TASK TO CARRY OUT: Your task is to transcribe, word for word, the line containing "MAN TGE 3.180" and all lines that follow it to the end of the entries. Leave out the pictures.

(INFORMATION Opens)

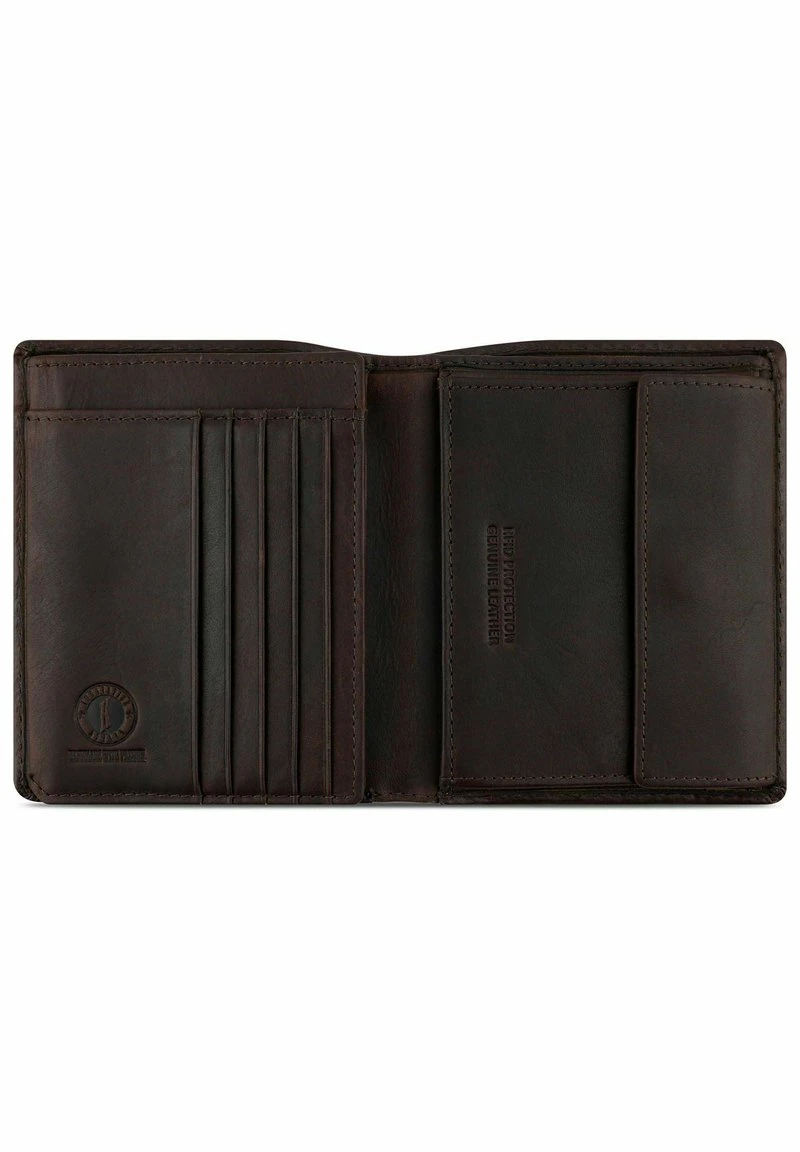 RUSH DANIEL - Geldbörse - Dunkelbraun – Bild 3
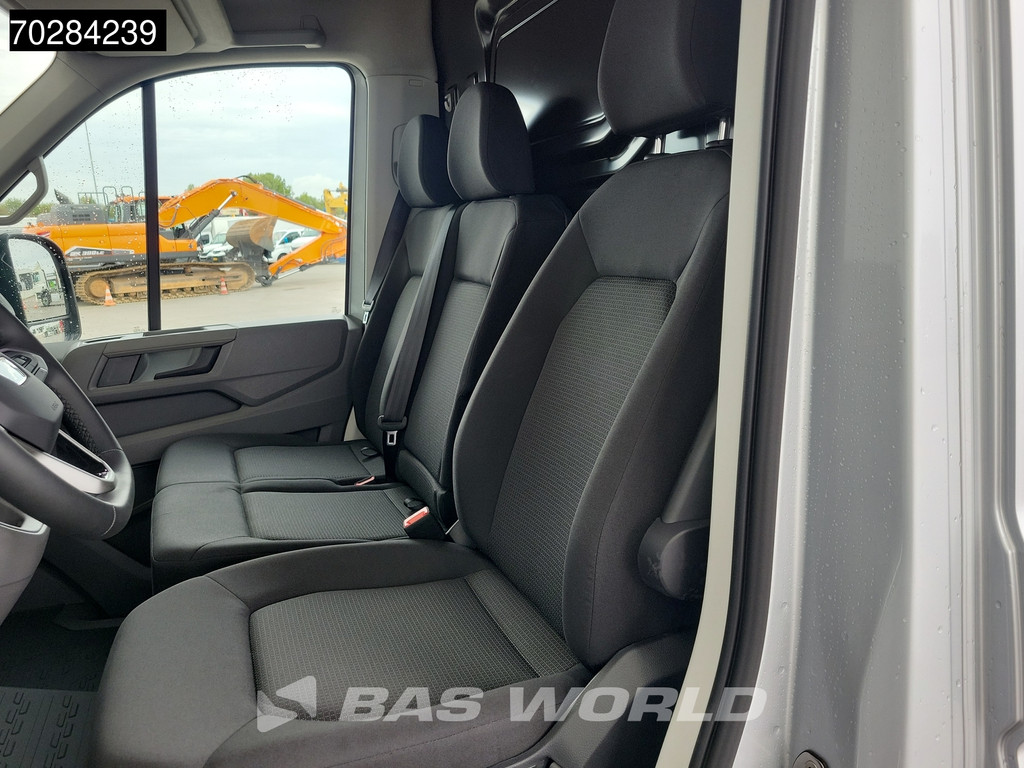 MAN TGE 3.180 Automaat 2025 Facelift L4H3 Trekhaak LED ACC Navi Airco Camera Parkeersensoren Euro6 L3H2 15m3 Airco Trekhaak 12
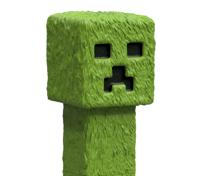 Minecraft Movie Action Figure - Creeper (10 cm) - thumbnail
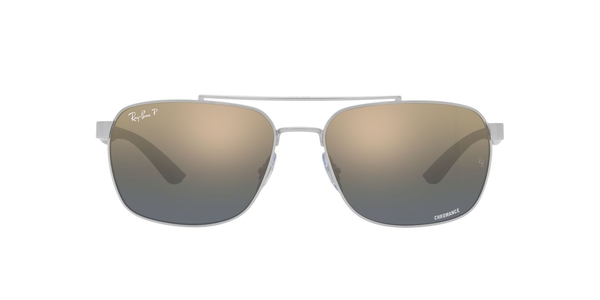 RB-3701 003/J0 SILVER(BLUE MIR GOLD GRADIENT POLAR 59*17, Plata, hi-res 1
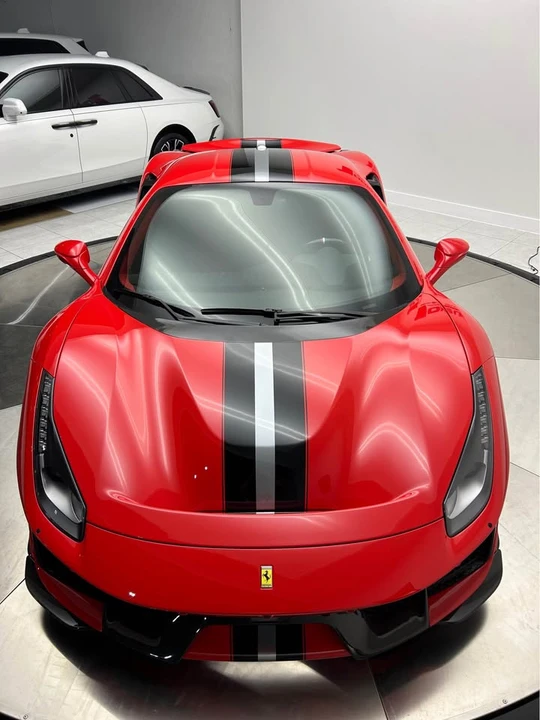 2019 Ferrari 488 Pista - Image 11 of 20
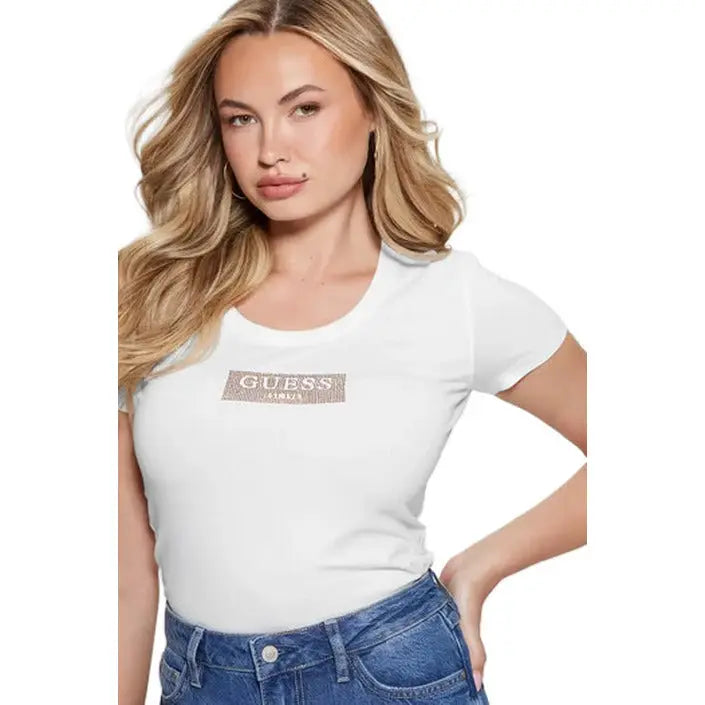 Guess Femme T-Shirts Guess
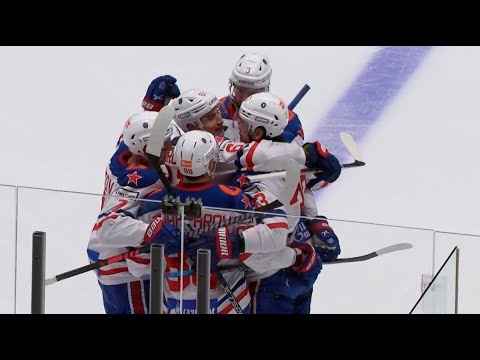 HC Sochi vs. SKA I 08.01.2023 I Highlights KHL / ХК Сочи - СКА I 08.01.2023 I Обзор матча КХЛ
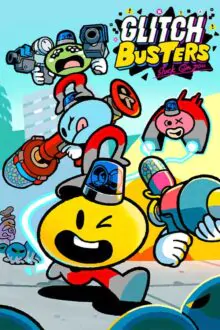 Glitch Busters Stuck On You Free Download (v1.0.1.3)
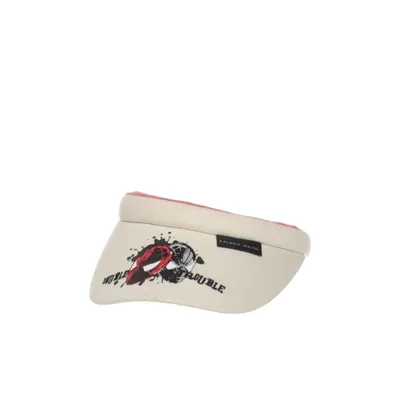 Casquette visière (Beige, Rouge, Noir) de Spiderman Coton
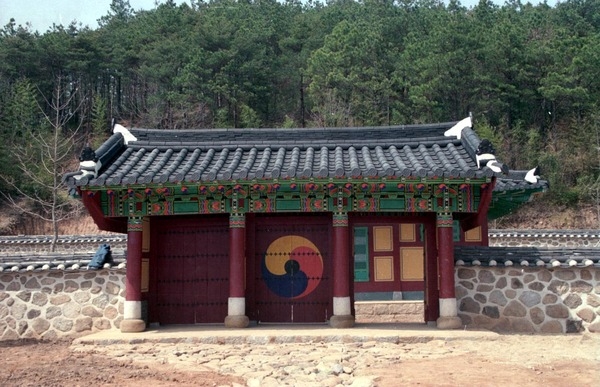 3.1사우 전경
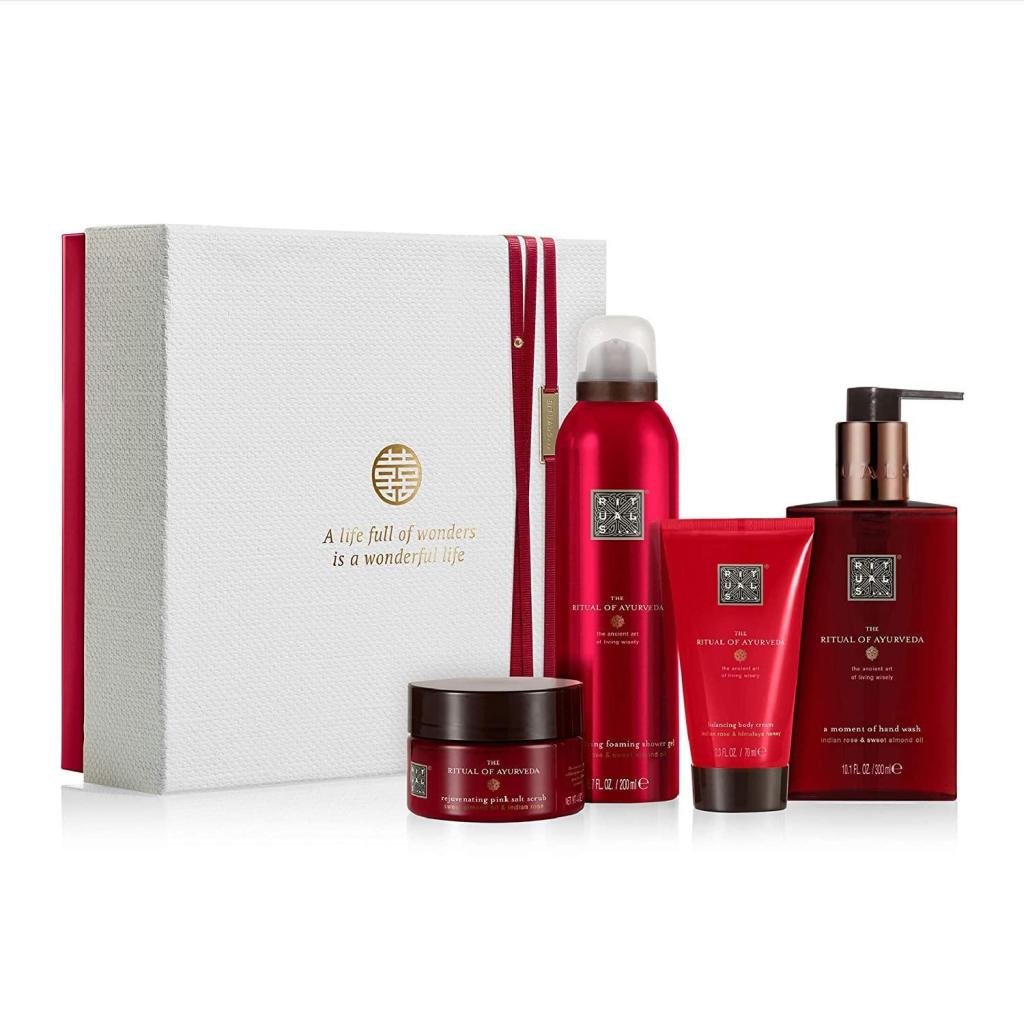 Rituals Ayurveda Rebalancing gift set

(INFORMATION Closes)

ANSWER SPACE:
 MAN TGE 3.180 Automaat 2025 Facelift L4H3 Trekhaak LED ACC Navi Airco Camera Parkeersensoren Euro6 L3H2 15m3 Airco Trekhaak 12
 Minecraft Movie Action Figure - Creeper (10 cm) - thumbnail
 RB-3701 003/J0 SILVER(BLUE MIR GOLD GRADIENT POLAR 59*17, Plata, hi-res 1
 2019 Ferrari 488 Pista - Image 11 of 20
 Guess Femme T-Shirts Guess
 HC Sochi vs. SKA I 08.01.2023 I Highlights KHL / ХК Сочи - СКА I 08.01.2023 I Обзор матча КХЛ
 Glitch Busters Stuck On You Free Download (v1.0.1.3)
 Casquette visière (Beige, Rouge, Noir) de Spiderman Coton
 3.1사우 전경
 Rituals Ayurveda Rebalancing gift set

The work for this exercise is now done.